+++ RECORDS FOR PROCESSING +++

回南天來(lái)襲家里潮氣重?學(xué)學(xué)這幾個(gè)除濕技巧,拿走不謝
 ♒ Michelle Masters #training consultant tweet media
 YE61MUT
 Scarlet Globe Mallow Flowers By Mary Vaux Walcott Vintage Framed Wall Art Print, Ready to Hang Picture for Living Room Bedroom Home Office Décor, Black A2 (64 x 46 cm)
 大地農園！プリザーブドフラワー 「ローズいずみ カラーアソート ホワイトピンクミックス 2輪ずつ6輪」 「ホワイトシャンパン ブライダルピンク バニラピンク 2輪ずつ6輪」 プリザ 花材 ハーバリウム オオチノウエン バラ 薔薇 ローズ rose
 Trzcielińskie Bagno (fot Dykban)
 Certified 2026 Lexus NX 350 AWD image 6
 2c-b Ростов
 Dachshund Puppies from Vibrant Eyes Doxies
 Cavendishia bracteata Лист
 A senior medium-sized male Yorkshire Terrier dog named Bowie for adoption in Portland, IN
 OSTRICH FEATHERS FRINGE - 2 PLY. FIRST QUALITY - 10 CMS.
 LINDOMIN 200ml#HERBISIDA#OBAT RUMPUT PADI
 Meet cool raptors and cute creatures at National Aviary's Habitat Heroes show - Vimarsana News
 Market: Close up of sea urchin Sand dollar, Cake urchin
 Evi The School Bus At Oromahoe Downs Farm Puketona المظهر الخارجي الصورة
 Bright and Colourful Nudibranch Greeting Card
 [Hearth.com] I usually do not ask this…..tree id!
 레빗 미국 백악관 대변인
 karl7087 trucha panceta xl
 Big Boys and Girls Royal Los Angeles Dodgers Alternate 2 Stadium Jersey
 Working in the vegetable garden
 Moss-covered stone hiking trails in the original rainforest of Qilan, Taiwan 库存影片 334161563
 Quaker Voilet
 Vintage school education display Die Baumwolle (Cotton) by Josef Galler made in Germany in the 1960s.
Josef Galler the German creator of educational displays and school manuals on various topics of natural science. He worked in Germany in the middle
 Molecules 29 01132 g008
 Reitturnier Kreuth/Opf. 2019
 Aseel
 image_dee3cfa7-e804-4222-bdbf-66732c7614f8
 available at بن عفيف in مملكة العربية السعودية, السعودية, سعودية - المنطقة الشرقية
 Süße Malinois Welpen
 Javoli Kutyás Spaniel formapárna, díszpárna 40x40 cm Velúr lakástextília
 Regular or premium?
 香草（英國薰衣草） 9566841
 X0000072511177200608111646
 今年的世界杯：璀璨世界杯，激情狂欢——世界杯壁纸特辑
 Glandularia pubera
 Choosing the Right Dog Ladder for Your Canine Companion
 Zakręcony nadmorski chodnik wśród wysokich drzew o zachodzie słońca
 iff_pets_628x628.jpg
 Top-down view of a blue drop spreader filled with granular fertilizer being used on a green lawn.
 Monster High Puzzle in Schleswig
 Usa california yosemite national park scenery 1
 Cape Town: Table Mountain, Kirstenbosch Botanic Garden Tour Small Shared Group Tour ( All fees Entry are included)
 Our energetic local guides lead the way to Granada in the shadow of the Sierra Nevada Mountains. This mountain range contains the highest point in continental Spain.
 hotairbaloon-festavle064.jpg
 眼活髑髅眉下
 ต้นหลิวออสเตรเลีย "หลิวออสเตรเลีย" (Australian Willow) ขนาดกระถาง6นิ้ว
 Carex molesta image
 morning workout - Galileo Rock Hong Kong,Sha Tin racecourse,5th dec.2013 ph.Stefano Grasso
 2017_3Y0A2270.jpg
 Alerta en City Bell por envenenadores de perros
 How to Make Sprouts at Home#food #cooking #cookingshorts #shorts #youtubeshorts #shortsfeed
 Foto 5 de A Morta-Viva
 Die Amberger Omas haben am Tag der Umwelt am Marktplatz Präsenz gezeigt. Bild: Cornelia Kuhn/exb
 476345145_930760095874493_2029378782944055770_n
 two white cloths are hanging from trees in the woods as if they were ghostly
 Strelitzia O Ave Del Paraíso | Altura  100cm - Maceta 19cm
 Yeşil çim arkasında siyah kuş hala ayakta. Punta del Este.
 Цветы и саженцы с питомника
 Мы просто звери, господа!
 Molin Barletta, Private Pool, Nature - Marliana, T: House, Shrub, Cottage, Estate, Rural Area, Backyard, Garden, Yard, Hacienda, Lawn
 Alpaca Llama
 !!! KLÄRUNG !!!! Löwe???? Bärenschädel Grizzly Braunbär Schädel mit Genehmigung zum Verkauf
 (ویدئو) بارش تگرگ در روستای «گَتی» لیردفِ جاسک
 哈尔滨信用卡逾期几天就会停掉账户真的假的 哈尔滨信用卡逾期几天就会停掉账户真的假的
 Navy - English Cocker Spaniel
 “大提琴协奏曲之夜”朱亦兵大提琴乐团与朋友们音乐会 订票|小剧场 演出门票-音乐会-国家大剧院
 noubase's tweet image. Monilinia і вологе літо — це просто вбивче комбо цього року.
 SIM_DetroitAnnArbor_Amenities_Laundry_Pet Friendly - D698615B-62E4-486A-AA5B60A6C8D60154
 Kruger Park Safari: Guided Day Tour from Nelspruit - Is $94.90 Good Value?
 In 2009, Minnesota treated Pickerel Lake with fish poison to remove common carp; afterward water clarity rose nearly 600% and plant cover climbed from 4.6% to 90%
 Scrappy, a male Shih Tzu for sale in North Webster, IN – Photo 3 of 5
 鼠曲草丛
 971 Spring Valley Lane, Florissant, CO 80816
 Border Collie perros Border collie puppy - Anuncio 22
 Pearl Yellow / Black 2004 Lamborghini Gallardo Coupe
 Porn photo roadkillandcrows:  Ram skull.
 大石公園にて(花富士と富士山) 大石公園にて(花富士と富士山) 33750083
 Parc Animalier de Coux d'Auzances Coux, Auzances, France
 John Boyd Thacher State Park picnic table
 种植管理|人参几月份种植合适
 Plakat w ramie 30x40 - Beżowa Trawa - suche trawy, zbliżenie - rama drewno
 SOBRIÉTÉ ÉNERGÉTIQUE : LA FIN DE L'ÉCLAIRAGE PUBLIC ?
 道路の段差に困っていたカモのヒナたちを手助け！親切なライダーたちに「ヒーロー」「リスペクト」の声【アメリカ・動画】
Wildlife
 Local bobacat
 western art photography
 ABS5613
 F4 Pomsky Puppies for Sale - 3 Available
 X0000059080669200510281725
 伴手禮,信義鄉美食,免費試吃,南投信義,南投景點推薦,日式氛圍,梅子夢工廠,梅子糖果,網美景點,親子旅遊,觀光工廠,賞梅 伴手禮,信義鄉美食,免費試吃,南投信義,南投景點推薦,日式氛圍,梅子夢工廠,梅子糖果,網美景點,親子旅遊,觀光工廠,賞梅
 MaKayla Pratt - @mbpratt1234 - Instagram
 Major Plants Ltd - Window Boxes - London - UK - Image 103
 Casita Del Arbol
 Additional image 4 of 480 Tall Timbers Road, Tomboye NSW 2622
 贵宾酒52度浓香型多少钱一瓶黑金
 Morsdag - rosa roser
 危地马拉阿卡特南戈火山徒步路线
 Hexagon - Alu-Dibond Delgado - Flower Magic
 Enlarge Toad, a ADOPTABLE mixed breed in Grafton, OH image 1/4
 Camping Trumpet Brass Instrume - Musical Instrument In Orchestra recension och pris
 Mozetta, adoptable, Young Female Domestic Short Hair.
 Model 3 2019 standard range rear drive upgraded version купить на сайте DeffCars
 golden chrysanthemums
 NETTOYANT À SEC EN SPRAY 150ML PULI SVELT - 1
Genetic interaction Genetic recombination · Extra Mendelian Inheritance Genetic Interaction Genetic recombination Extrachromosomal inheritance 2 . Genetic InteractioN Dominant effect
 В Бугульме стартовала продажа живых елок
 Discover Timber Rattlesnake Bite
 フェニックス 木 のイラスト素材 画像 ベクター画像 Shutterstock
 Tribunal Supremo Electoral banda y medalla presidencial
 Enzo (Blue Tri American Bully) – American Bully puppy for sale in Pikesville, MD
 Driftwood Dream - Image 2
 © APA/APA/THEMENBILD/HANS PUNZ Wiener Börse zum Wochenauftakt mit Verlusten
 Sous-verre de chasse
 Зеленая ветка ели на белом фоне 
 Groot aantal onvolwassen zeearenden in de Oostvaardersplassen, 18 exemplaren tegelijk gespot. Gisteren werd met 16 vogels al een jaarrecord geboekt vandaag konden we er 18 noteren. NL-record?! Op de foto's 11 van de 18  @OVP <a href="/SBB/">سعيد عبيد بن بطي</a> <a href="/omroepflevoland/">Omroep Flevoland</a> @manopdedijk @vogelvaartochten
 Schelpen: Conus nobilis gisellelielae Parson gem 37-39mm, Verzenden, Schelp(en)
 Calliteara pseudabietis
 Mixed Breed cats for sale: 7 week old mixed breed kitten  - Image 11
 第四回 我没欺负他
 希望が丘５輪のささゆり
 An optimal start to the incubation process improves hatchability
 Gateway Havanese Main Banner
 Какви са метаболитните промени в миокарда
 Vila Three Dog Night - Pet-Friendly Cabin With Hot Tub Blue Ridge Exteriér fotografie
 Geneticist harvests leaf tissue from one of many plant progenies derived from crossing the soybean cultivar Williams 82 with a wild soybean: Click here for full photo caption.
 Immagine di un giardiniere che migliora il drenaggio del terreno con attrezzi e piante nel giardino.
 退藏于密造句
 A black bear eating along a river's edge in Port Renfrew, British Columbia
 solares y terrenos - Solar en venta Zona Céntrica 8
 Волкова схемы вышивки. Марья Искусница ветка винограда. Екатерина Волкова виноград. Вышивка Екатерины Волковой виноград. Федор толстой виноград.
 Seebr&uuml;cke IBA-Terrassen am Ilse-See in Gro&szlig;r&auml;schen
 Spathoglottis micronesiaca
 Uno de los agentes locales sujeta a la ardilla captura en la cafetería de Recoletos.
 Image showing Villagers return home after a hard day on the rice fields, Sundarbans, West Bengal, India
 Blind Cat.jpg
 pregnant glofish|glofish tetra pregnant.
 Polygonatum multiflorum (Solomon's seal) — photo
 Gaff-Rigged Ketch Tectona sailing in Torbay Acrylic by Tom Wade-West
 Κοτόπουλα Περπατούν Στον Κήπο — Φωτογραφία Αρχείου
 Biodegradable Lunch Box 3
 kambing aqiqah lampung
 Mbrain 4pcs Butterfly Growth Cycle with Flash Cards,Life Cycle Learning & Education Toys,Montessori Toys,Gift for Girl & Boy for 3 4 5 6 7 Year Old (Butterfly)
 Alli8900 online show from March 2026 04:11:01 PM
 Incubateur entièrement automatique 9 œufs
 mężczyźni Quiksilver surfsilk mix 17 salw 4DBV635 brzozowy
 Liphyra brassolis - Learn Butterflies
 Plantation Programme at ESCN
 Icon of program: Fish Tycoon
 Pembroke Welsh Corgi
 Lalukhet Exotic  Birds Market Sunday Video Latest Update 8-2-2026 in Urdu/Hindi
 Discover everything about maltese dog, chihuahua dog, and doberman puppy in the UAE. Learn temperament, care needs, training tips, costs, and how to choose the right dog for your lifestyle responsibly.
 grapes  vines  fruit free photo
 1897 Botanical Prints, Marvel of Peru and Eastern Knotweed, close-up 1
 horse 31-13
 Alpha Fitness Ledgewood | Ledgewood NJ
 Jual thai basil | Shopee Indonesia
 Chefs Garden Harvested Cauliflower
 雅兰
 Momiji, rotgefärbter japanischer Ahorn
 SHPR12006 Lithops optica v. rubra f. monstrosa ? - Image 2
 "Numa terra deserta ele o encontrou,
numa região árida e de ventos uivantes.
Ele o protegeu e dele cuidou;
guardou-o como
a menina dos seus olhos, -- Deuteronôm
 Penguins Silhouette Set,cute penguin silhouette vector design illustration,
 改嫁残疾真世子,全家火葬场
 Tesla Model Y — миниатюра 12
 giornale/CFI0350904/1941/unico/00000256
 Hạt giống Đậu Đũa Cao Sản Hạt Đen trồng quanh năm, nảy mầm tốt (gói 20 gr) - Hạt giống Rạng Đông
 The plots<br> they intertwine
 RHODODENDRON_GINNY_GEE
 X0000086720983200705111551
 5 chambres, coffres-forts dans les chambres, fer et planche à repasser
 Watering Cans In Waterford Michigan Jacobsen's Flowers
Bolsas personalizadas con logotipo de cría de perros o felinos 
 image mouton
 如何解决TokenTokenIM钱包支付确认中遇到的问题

+++

- **EXERCISE PROMPT**
Using the data above, restate word for word the lines from its opening line through the line that contains "Cavendishia bracteata Лист", and no more.

- **PROBLEM SOLUTION**
回南天來(lái)襲家里潮氣重?學(xué)學(xué)這幾個(gè)除濕技巧,拿走不謝
 ♒ Michelle Masters #training consultant tweet media
 YE61MUT
 Scarlet Globe Mallow Flowers By Mary Vaux Walcott Vintage Framed Wall Art Print, Ready to Hang Picture for Living Room Bedroom Home Office Décor, Black A2 (64 x 46 cm)
 大地農園！プリザーブドフラワー 「ローズいずみ カラーアソート ホワイトピンクミックス 2輪ずつ6輪」 「ホワイトシャンパン ブライダルピンク バニラピンク 2輪ずつ6輪」 プリザ 花材 ハーバリウム オオチノウエン バラ 薔薇 ローズ rose
 Trzcielińskie Bagno (fot Dykban)
 Certified 2026 Lexus NX 350 AWD image 6
 2c-b Ростов
 Dachshund Puppies from Vibrant Eyes Doxies
 Cavendishia bracteata Лист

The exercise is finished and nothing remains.